Caldicott Castle, Monmouthshire
Caldicot 5 miles South West of Chepstow
Off M4 (J22)
Caldicot stands on a fortified site two miles from the sea and on the route of the Roman road Via Julia. The keep was built by Humphrey de Bohun after he inherited the lordship in 1221. The curtain wall came next, though it was not until the 14th century that the great Gatehouse was built for Thomas Woodcock, son of Edward III, who married Eleanor de Bohun and proceeded to lavish money on the castle in the 1380's.
~ History ~
1086 - Early Norman invaders to south Wales quickly recognise, as did the Romans before them, the importance of the site at Caldicot overlooking the Bristol Channel, essential to shipping, transport of supplies and crossing to England. They build a timber motte castle with two baileys, surrounded with a deep ditch to control the surrounding area.

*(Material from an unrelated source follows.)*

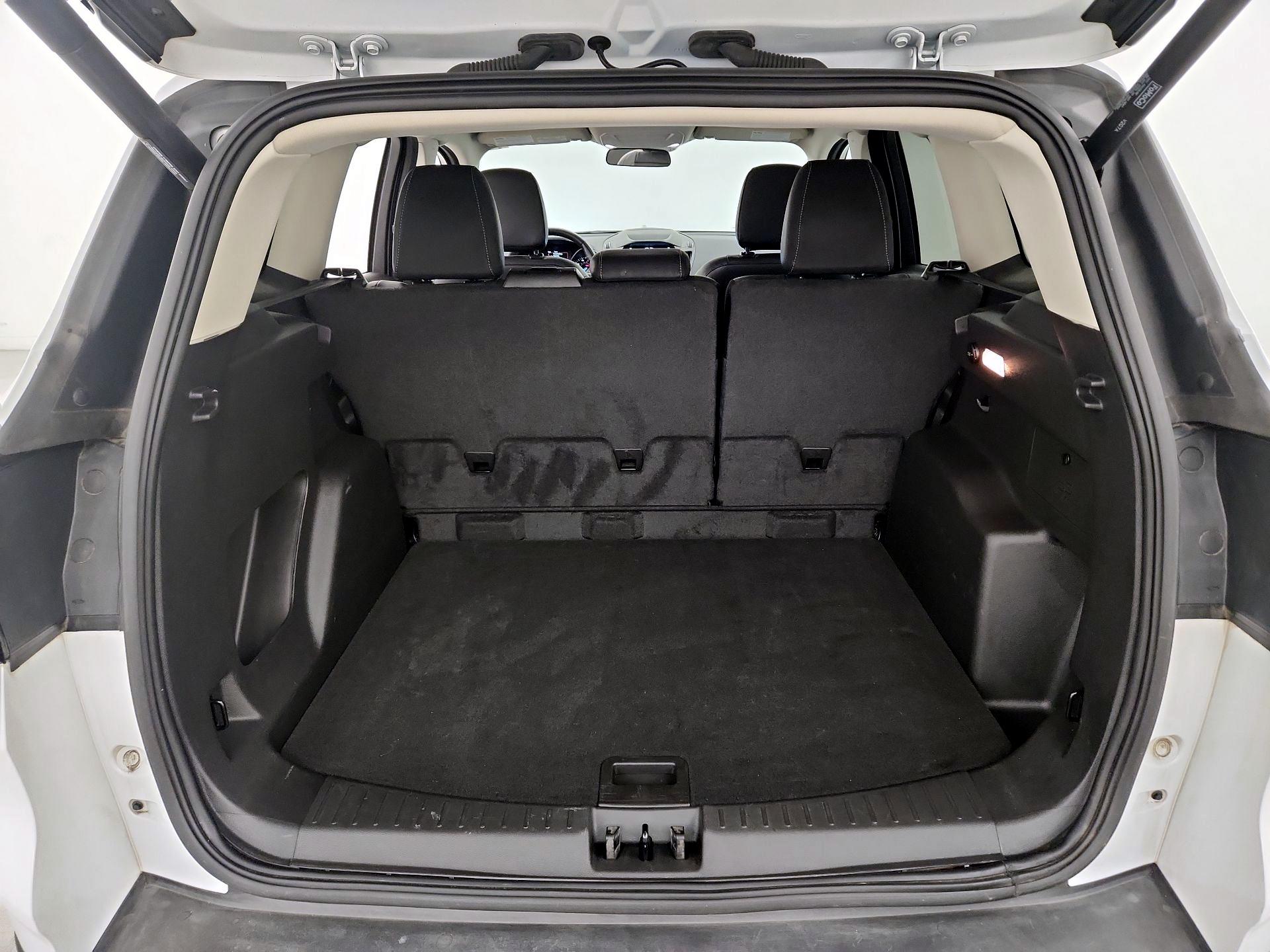 Thumbnail: 2019 Ford Escape - 20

1221 - Humphrey de Bohun, the 'Good Earl' of Hereford, inherits Caldicot and wastes no time in erecting a round stone keep.
1340's - Building of the Great Hall is undertaken.

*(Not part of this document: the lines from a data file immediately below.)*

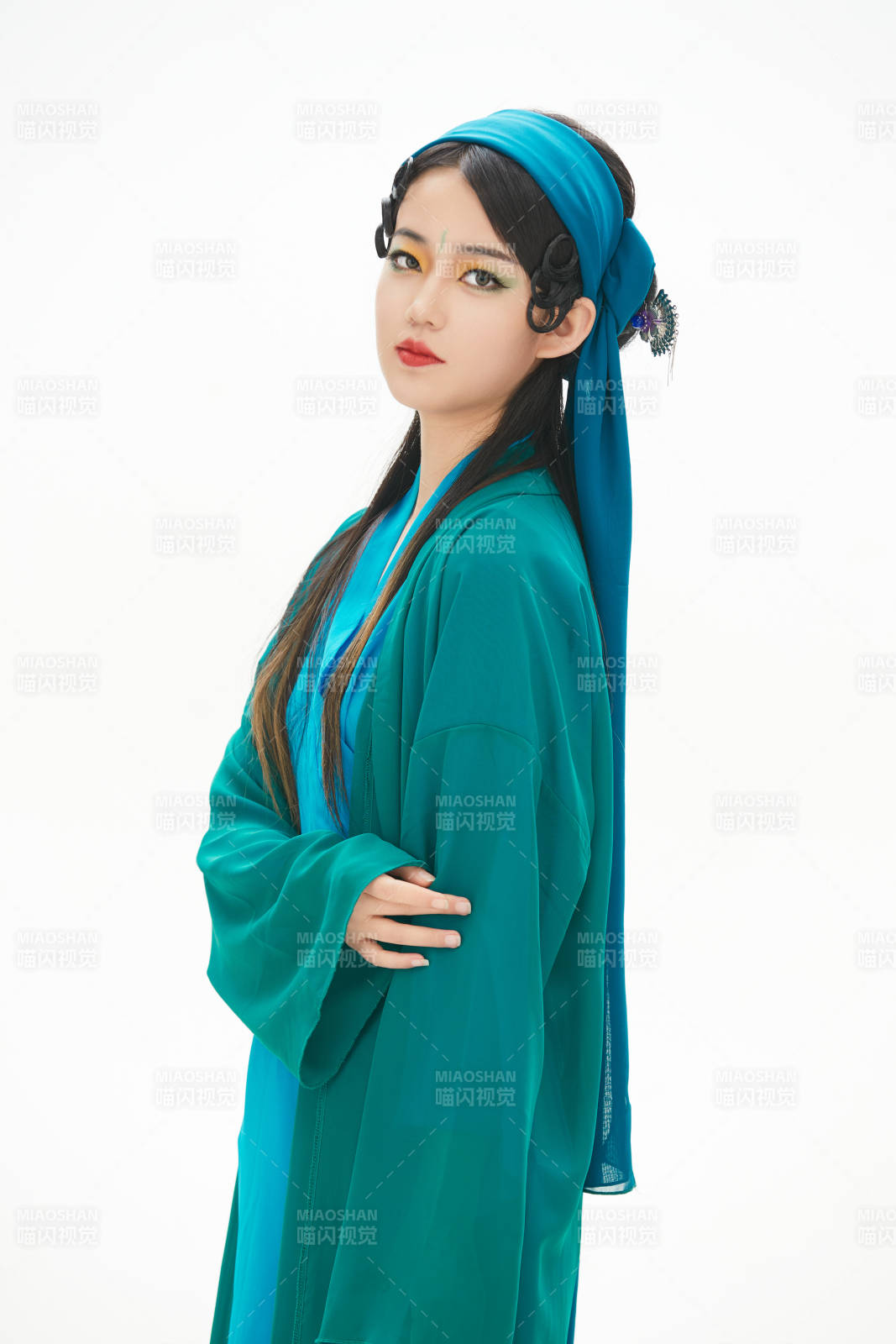 民间故事白蛇传中小青服饰妆面的亚洲少女图片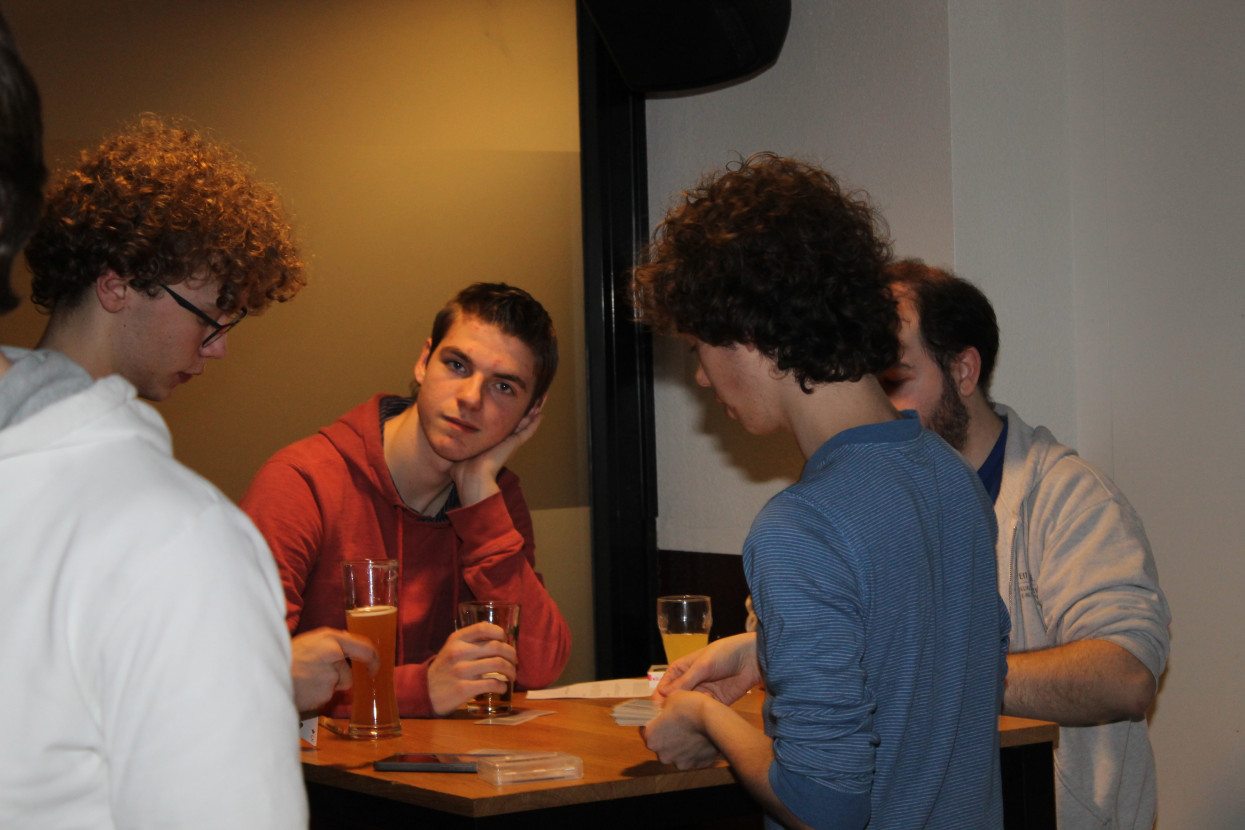 Hartenjagentoernooi met Astatine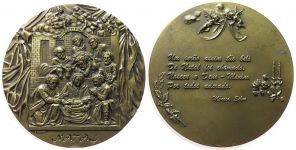 Heilige Maria und Josef mit dem Jesuskind inmitten mehrerer Personen und Lämmern - o.J. - Medaille  vz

1373 - The last male de Bohun dies and the castle passes to two daughters, Eleanor and Mary. Mary de Bohun marries Edward III's grandson, the future Henry IV, and Eleanor weds Thomas de Woodstock, son of King Edward III and Duke of Gloucester, into whose royal hands Caldicot passes.

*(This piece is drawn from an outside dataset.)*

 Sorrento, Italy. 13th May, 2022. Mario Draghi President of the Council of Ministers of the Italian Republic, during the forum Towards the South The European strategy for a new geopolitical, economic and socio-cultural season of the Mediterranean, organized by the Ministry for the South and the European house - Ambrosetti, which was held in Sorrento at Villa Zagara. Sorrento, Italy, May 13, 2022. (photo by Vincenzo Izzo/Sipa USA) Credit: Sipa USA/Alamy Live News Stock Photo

1380 - Woodstock begins an extensive and costly building program which includes the three-storied Woodstock Tower and postern Gate, in which he carves his and his wife's name (Alianore), into the masonry.
1397 - Whilst in Calais Woodstock is smothered and the castle passes to his daughter Anne, who later marries Edmund, Earl of Stratford, and it is their son, Humphrey, who retains control of the castle and becomes the first Duke of Buckingham, until his death during the Wars of the Roses which sees Caldicot pass to the Crown.
1521 - Edward, the third duke of Stafford and keeper of Caldicot, gains the mistrust of Henry VIII and is beheaded for suspicion of treason. Caldicot once more becomes the property of the Crown, until it is later granted to the Duke of Lancaster, who allows the site to be leased by several tenants until the mid-1800's.